Task details
Would you retype exactly the lines below, from the one containing "Thumbnail 1 in" through the end of the entries, both ends included, but not the pictures?

Pictures with short captions:
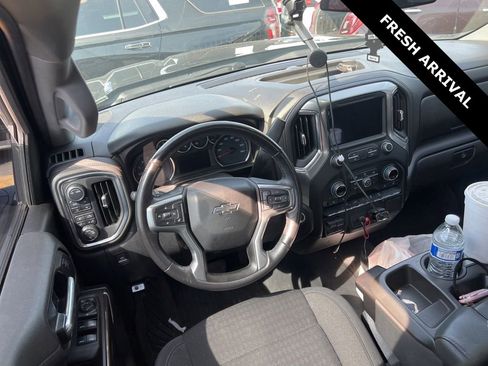 Used 2021 Chevrolet Silverado 1500 RST image 8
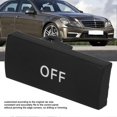 thumbnail image 4 of Air Conditioner OFF Button ABS AC Control Adjusting Switch Cap Replacement for Mercedes?Benz E?Class W212 E 63 AMG 2009?2016, 4 of 5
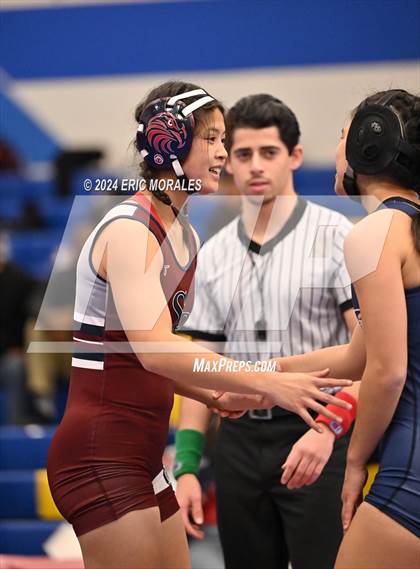 Thumbnail 1 in Steele Canyon vs Scripps Ranch (Grossmont Tri-Meet) photogallery.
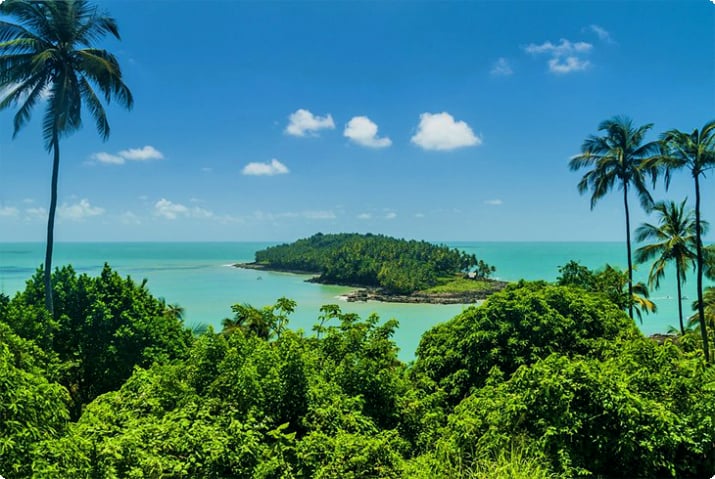 Französisch-Guayana in Bildern: 13 wunderschöne Orte zum Fotografieren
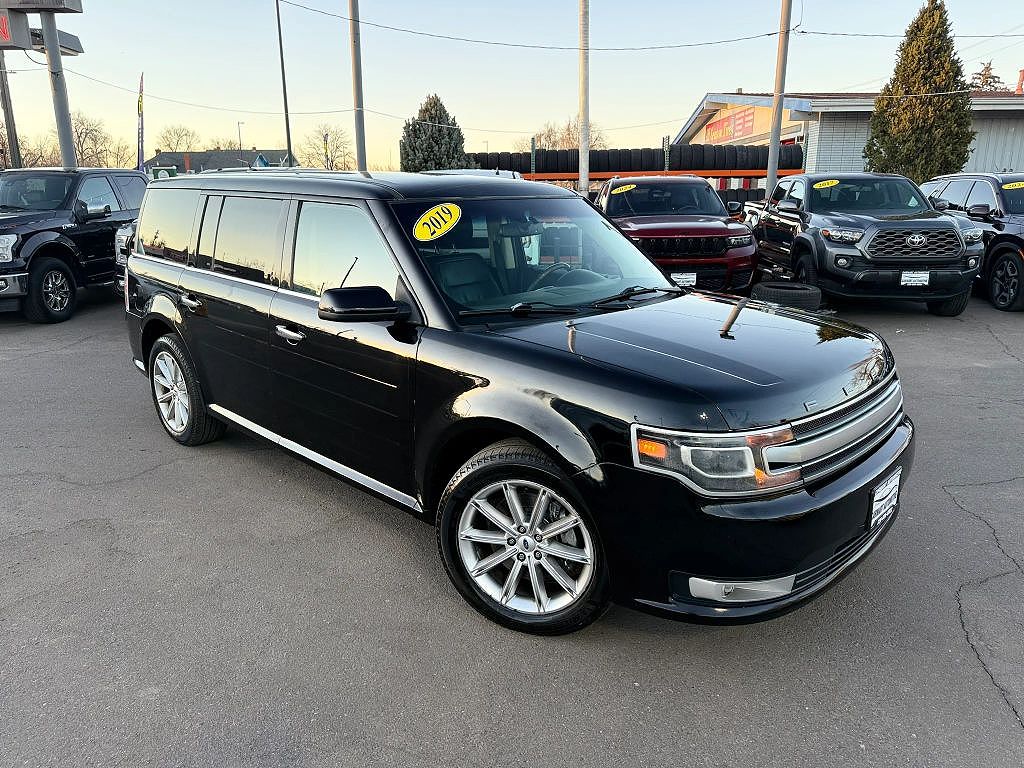 2019 Ford Flex Limited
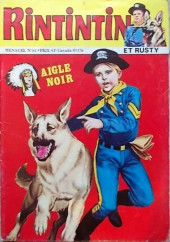 Rin Tin Tin & Rusty (2e série) -94- Feux d'artifice à fort apache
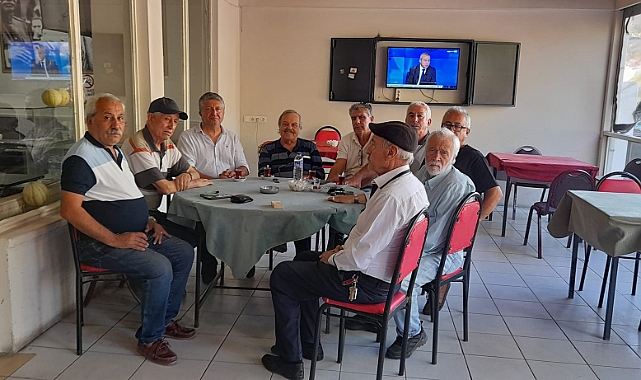 İrfan Mutluay'dan CHP'li isimlere ziyaret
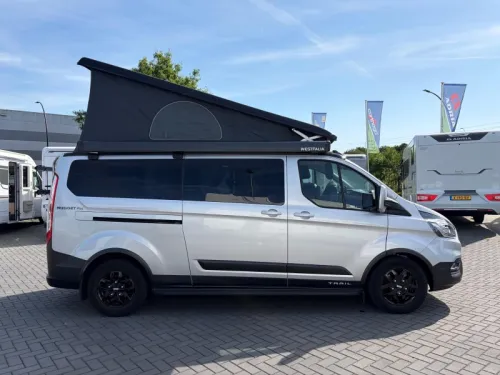 Westfalia Nugget Plus Trail 150HP FULLY EQUIPPED photo: 3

Reply
 Thumbnail 1 in Steele Canyon vs Scripps Ranch (Grossmont Tri-Meet) photogallery.
 Französisch-Guayana in Bildern: 13 wunderschöne Orte zum Fotografieren
 2019 Ford Flex Limited
 Rin Tin Tin & Rusty (2e série) -94- Feux d'artifice à fort apache
 İrfan Mutluay'dan CHP'li isimlere ziyaret
 Westfalia Nugget Plus Trail 150HP FULLY EQUIPPED photo: 3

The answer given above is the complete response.